- ICH GCP
- US Clinical Trials Registry
- Clinical Trial NCT00334542
Simvastatin in Preventing a New Breast Cancer in Women at High Risk for a New Breast Cancer
A Phase II Study of Simvastatin in Women at High Risk for a New Breast Cancer
RATIONALE: Chemoprevention is the use of certain drugs to keep cancer from forming, growing, or coming back. The use of simvastatin may keep cancer from coming back in women who are at high risk for a new breast cancer after undergoing surgery for ductal carcinoma in situ or stage I, stage II, or stage III breast cancer.
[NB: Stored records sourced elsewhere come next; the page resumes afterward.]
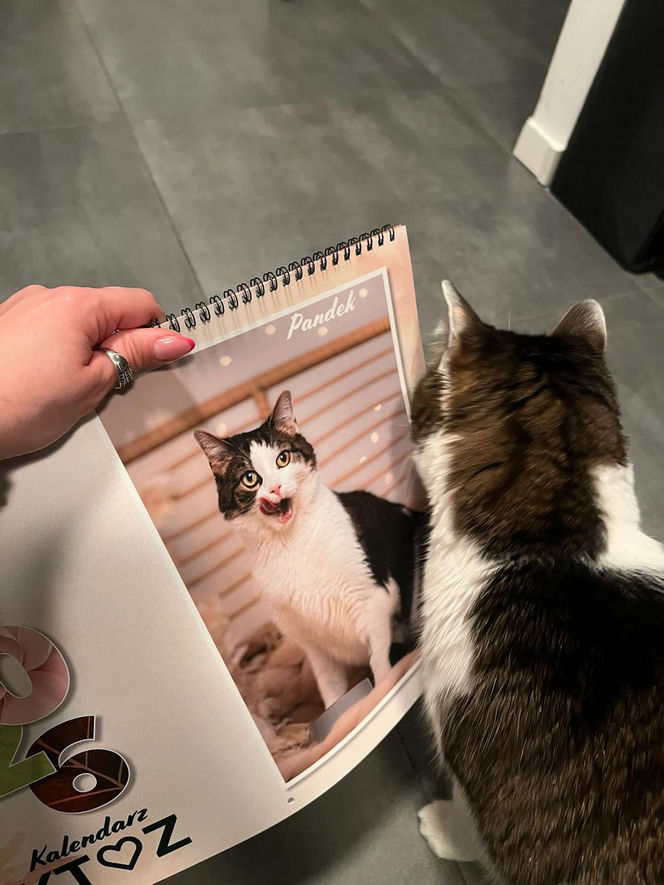 Kot Pandek zapozował do kalendarza KTOZ na 2026 rok
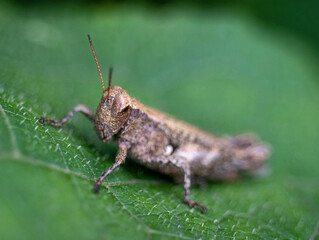 grasshopper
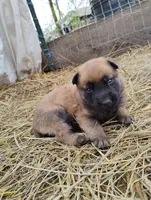 Sable zamah 4, a male Belgian Malinois and German Shepherd Dog for sale in Calico Rock, AR – Photo 6 of 6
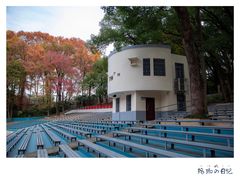 -武汉大学-樱园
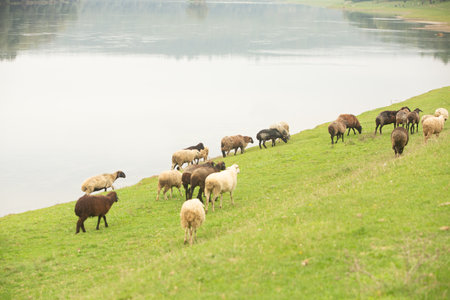 Sheep grazing on a green meadow near a lake in Scotlandの写真素材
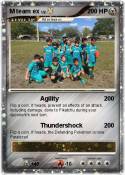 M team ex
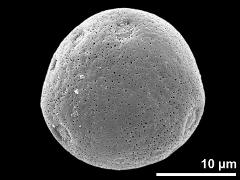 hydrated pollen grain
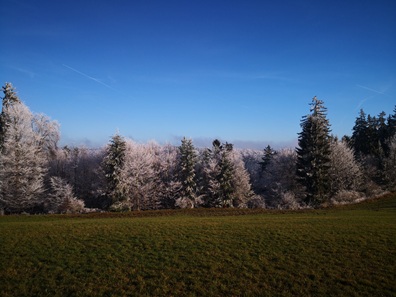 Foto: P.Rave (Vorschaubild)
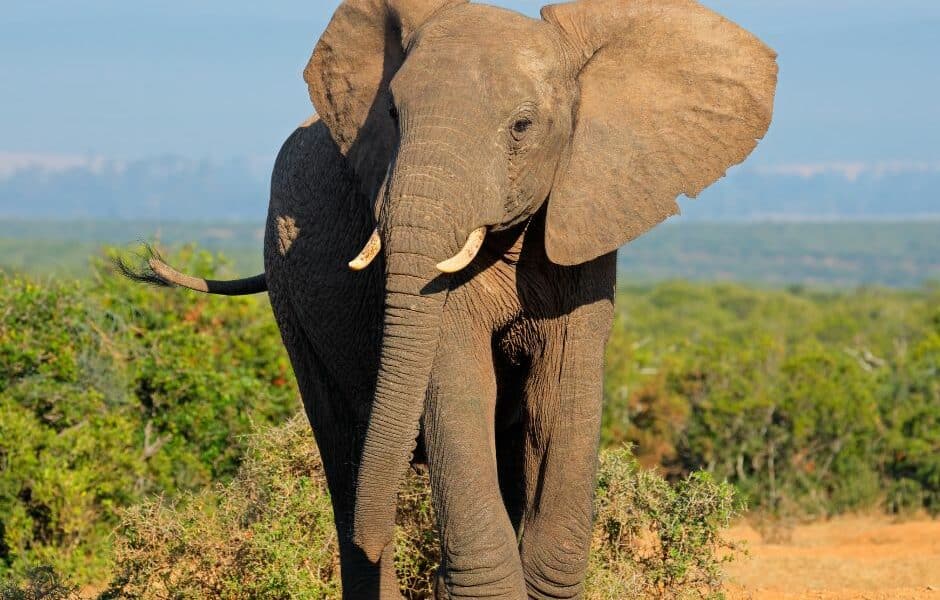 Illegal trade African Elephant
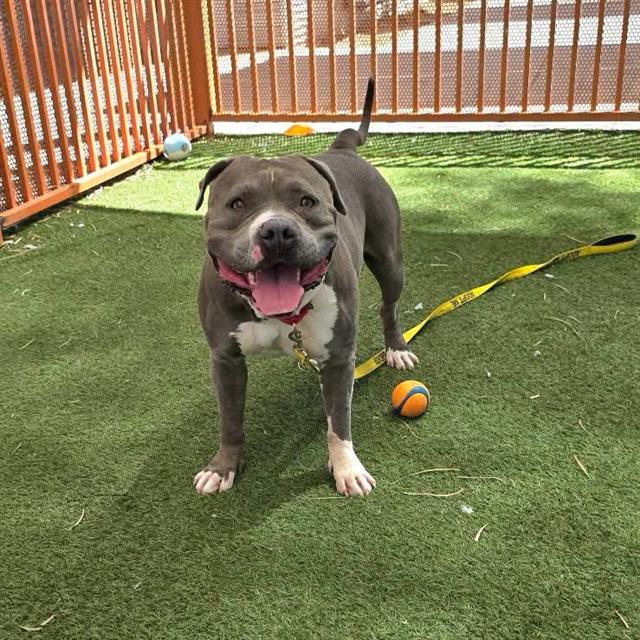 Cassey, a Pit Bull Terrier, available for adoption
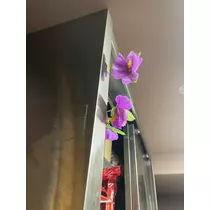 りん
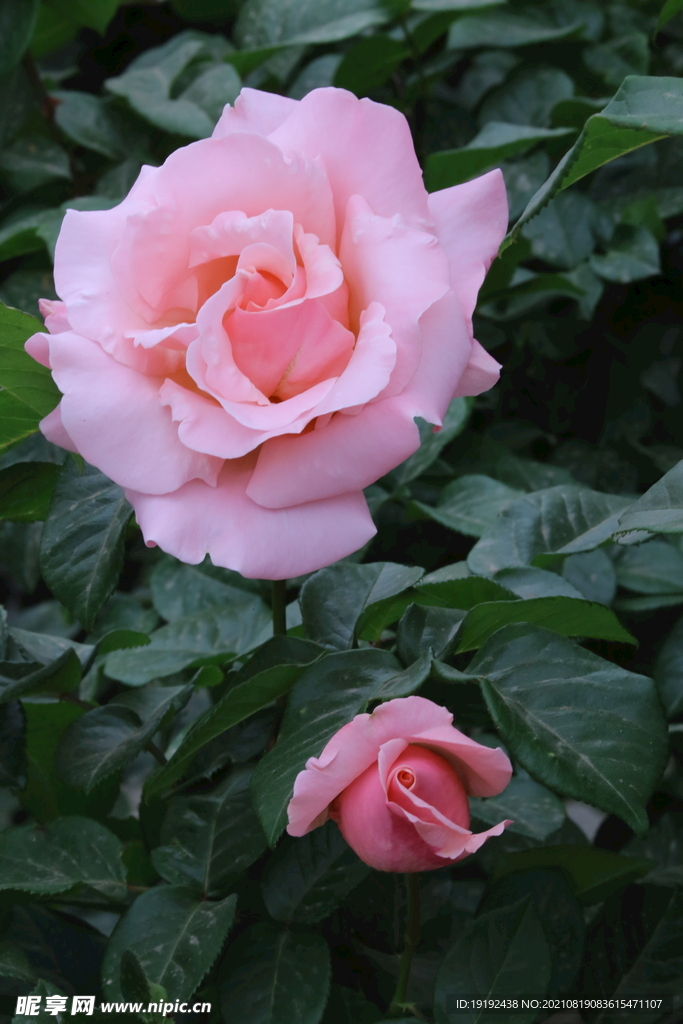 月季花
PURPOSE: This phase II trial is studying how well simvastatin works in preventing a new breast cancer in women at high risk for a new breast cancer after undergoing surgery for ductal carcinoma in situ or stage I, stage II, or stage III breast cancer.
Study Overview
Detailed Description
OBJECTIVES:
Primary
- Describe changes from baseline in a panel of biomarkers (high-sensitivity C-reactive protein [hsCRP], lipid profile, circulating estrogens, and contralateral breast density) in women at high risk of developing new breast cancer who have undergone surgical resection for history of ductal carcinoma in situ or stage I-III invasive breast cancer treated with simvastatin.
Secondary
- Correlate changes in the panel of biomarkers with wild-type versus polymorphic 3-hydroxyl-3-methylglutaryl-Coenzyme A (HMG-CoA) reductase in women treated with simvastatin.
Tertiary
- Evaluate methylation status across a panel of genes that are known to be frequently and specifically hypermethylated in ductal carcinoma in situ (DCIS) and invasive breast cancer (estrogen receptor [ER]-α and ER-β, cyclin D2, RAR-β, Twist, RASSF1A, and HIN-1) and correlate change in cumulative methylation with change in hsCRP, lipid profile, contralateral breast density, estrogen concentrations, and pharmacogenetics.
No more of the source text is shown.